The reduction theorems below need three monotonicity facts about the premise algebra. They are proved here once and reused.

theorem Core.Logic.Intensional.Premise.propIntersection_anti_of_subset {Index : Type u_1} {A B : List (Index → Prop)} (h : A ⊆ B) : propIntersection B ⊆ propIntersection A

propIntersection is anti-monotone in the premise list: more premises can only shrink the set of indices satisfying all of them.
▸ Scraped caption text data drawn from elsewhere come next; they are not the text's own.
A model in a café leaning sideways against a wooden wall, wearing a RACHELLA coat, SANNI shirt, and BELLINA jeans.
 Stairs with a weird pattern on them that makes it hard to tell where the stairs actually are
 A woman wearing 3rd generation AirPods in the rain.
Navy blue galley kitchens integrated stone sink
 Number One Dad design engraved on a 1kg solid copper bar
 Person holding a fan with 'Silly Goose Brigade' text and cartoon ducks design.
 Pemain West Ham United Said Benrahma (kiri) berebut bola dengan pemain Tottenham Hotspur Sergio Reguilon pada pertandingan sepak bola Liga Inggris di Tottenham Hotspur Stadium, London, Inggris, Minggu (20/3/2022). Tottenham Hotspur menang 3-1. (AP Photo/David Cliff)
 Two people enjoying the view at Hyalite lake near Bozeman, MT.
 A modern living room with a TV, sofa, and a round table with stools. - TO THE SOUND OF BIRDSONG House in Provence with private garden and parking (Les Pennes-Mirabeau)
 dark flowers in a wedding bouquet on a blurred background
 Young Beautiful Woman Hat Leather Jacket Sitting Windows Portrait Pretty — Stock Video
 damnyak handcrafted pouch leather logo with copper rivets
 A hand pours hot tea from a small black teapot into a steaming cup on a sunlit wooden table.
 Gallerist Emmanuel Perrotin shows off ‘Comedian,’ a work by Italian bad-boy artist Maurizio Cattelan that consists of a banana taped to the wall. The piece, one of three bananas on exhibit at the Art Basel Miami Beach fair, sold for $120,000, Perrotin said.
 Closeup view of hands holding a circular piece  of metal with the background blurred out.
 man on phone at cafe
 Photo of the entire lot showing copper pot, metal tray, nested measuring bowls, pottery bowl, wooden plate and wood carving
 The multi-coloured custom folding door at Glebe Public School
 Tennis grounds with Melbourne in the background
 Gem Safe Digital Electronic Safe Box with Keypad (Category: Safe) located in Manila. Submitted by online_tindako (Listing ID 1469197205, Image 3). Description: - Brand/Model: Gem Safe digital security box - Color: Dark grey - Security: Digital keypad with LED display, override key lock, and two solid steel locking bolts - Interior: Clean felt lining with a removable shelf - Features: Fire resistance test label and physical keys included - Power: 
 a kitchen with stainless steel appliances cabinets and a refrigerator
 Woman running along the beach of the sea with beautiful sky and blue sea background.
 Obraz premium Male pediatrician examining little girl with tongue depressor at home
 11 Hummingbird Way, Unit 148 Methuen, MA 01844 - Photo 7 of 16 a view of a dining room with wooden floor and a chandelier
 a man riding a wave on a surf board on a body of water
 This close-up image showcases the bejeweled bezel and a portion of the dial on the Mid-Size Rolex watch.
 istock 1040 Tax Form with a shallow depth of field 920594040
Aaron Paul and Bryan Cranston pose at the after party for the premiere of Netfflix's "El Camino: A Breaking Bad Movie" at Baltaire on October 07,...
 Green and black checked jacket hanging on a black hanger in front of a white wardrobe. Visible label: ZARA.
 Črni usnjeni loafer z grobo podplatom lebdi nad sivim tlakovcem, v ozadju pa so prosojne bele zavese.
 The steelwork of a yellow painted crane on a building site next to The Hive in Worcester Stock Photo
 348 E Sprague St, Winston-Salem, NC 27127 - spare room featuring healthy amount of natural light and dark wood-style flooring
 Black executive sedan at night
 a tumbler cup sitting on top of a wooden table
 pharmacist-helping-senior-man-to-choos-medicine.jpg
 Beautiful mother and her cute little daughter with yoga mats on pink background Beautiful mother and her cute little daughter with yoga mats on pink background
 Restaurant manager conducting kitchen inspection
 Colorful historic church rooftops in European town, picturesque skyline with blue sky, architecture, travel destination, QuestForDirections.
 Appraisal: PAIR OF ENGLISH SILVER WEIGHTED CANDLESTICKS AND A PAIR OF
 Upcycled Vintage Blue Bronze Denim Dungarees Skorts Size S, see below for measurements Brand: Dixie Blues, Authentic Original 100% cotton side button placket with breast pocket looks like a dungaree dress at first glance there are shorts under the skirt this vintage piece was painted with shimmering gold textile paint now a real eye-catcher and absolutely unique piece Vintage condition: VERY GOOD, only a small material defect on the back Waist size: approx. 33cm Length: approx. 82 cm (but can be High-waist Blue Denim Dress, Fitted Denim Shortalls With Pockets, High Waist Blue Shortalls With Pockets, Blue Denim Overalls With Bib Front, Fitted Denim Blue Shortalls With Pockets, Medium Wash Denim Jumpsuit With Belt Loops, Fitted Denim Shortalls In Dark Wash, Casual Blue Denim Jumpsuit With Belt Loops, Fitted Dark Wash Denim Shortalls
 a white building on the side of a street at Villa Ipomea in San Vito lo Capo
theorem Core.Logic.Intensional.Premise.followsFrom_mono_of_subset {Index : Type u_1} {p : Index → Prop} {A B : List (Index → Prop)} (h : A ⊆ B) (hp : followsFrom p A) : followsFrom p B

followsFrom is monotone in the premise list: more premises only add consequences.

theorem Core.Logic.Intensional.Premise.isCompatibleWith_anti_of_subset {Index : Type u_1} {p : Index → Prop} {A B : List (Index → Prop)} (h : B ⊆ A) (hp : isCompatibleWith p A) : isCompatibleWith p B

isCompatibleWith is anti-monotone in the premise list: removing premises can only make a proposition easier to be compatible with.

theorem Core.Logic.Intensional.Premise.self_mem_consistentSublists {Index : Type u_1} {A : List (Index → Prop)} (h : isConsistent A) : A ∈ consistentSublists A

A consistent premise list is itself a member of its own consistent sublist powerset.

theorem Core.Logic.Intensional.Premise.subset_of_mem_consistentSublists {Index : Type u_1} {A B : List (Index → Prop)} (h : B ∈ consistentSublists A) : B ⊆ A

Every element of consistentSublists A is a ⊆-subset of A.

Reduction to the unrevised definitions

When the premise set f i is itself consistent, Kratzer's revised definitions collapse to the original Defs 5–6: there is no "inconsistency to repair." The witness for both directions is f i itself — it is a sublist of itself, it is consistent by hypothesis, and B ⊆ f i for every B ∈ consistentSublists (f i).

theorem Core.Logic.Intensional.Premise.mustInView_iff_mustInView'_of_consistent {Index : Type u_1} (f : Index → List (Index → Prop)) (p : Index → Prop) (i : Index) (h : isConsistent (f i)) : mustInView' f p i ↔ mustInView f p i

When f i is consistent, the revised necessity operator coincides with the original.

theorem Core.Logic.Intensional.Premise.canInView_iff_canInView'_of_consistent {Index : Type u_1} (f : Index → List (Index → Prop)) (p : Index → Prop) (i : Index) (h : isConsistent (f i)) : canInView' f p i ↔ canInView f p i

When f i is consistent, the revised possibility operator coincides with the original.